◆ Directions for this task:
Restate word for word the material below, starting at the line that contains "Vintage Oval Solitaire" and stopping after the last line; skip pictures.

*** Opening of Exercise data ***

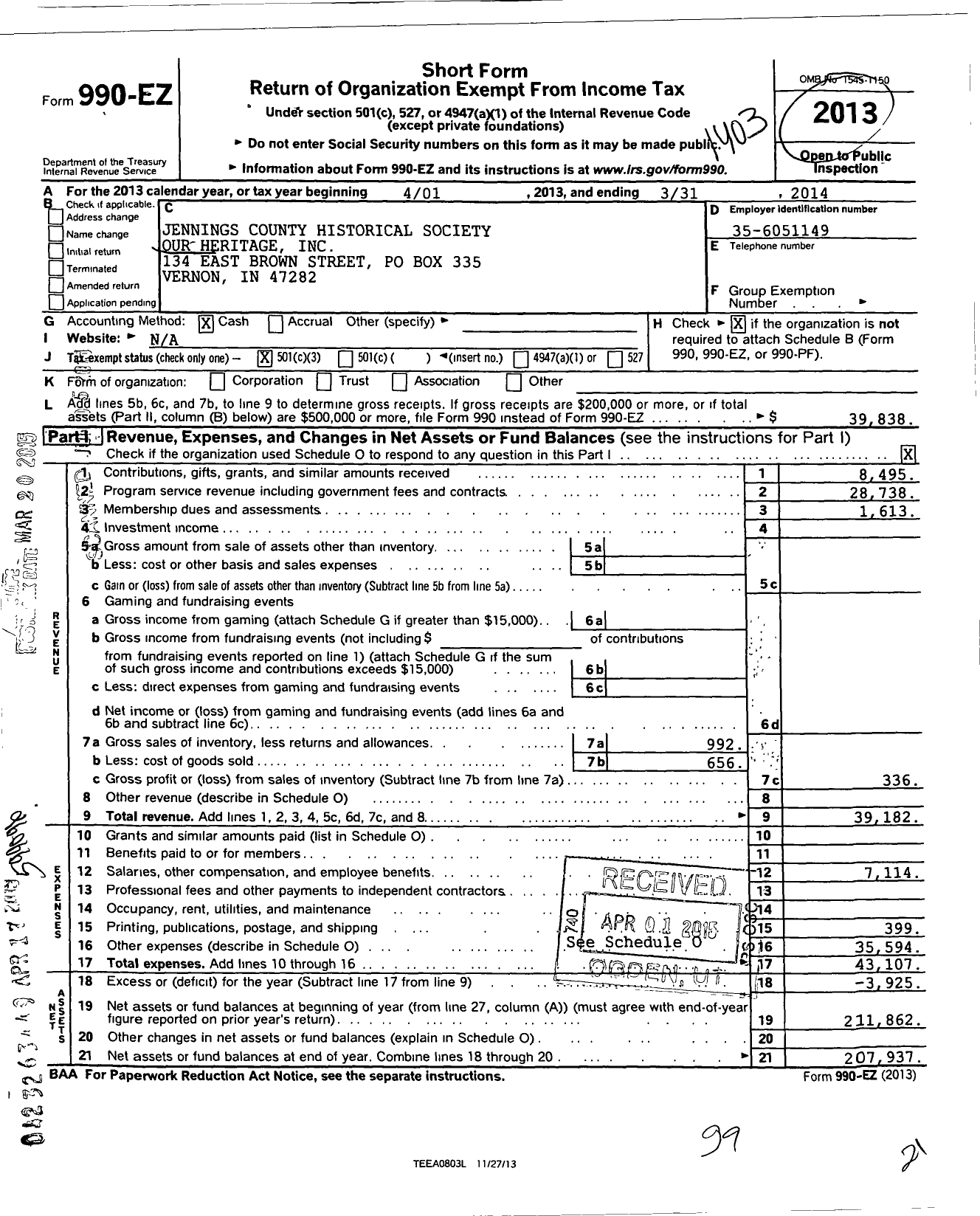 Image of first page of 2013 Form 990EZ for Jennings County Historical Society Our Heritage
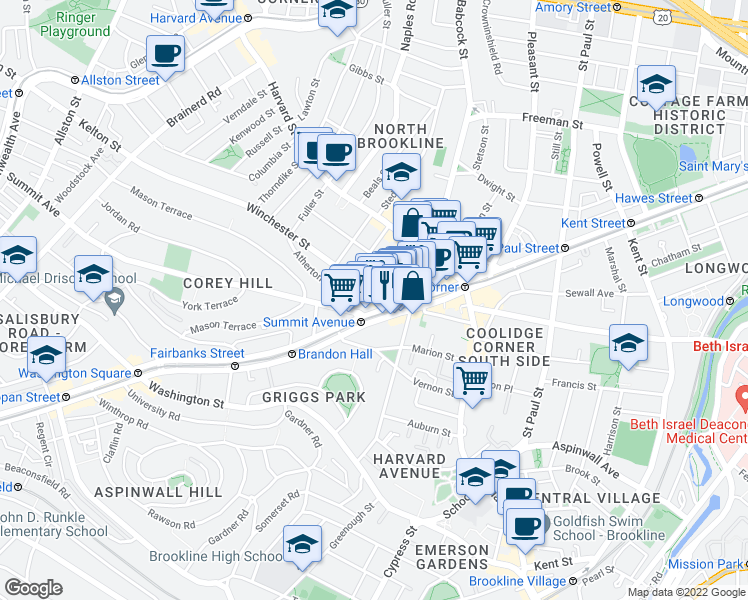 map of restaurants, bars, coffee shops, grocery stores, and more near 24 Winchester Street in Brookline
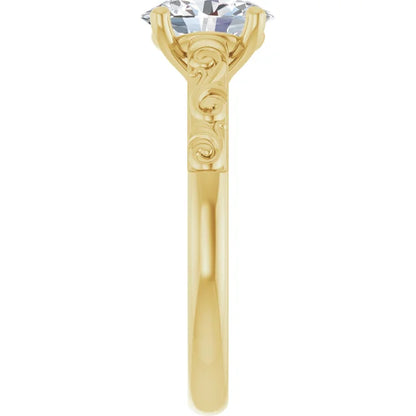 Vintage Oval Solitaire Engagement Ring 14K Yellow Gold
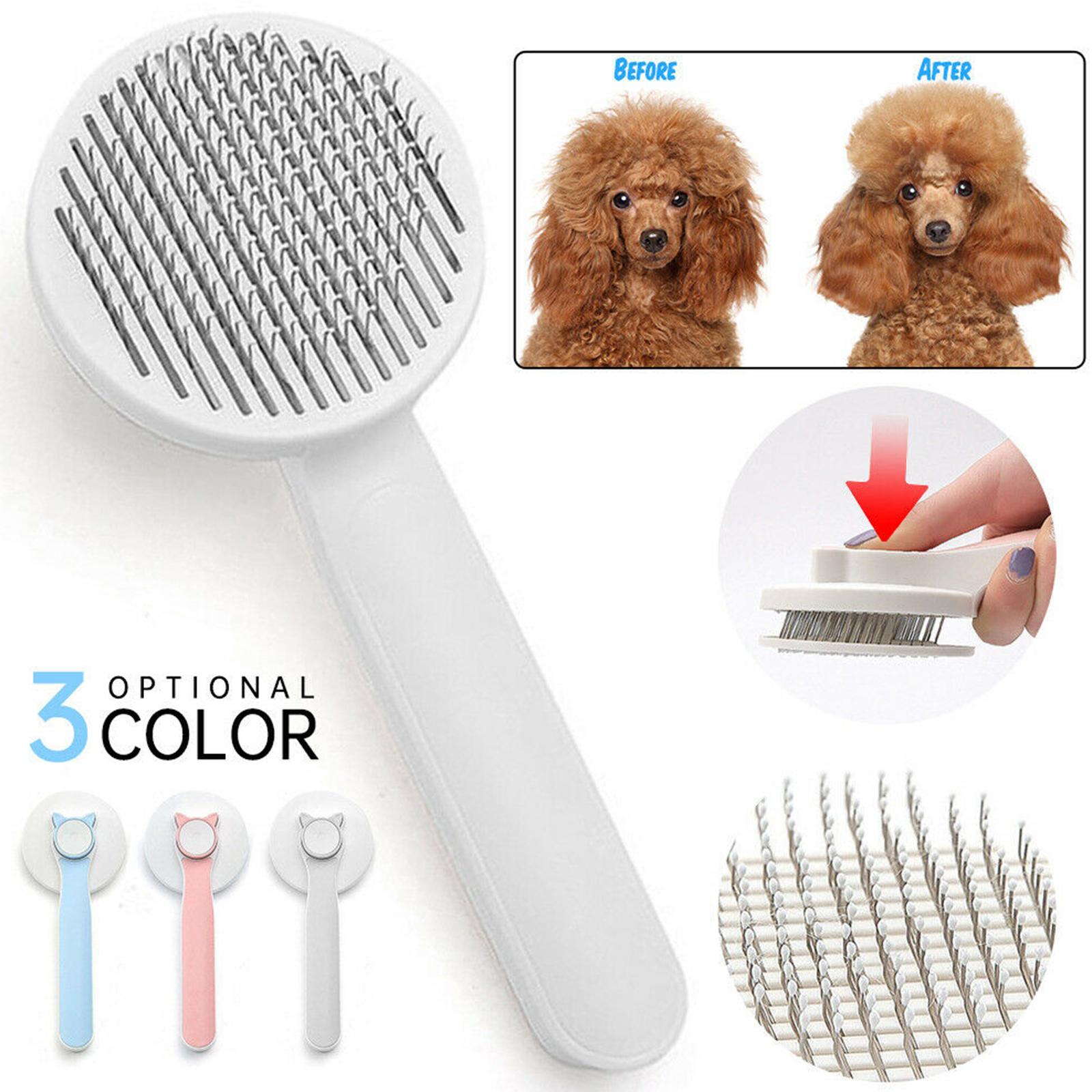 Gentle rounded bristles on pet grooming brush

*** Close of Exercise data ***

◆ Result for this exercise:
 Vintage Oval Solitaire Engagement Ring 14K Yellow Gold
 Gentle rounded bristles on pet grooming brush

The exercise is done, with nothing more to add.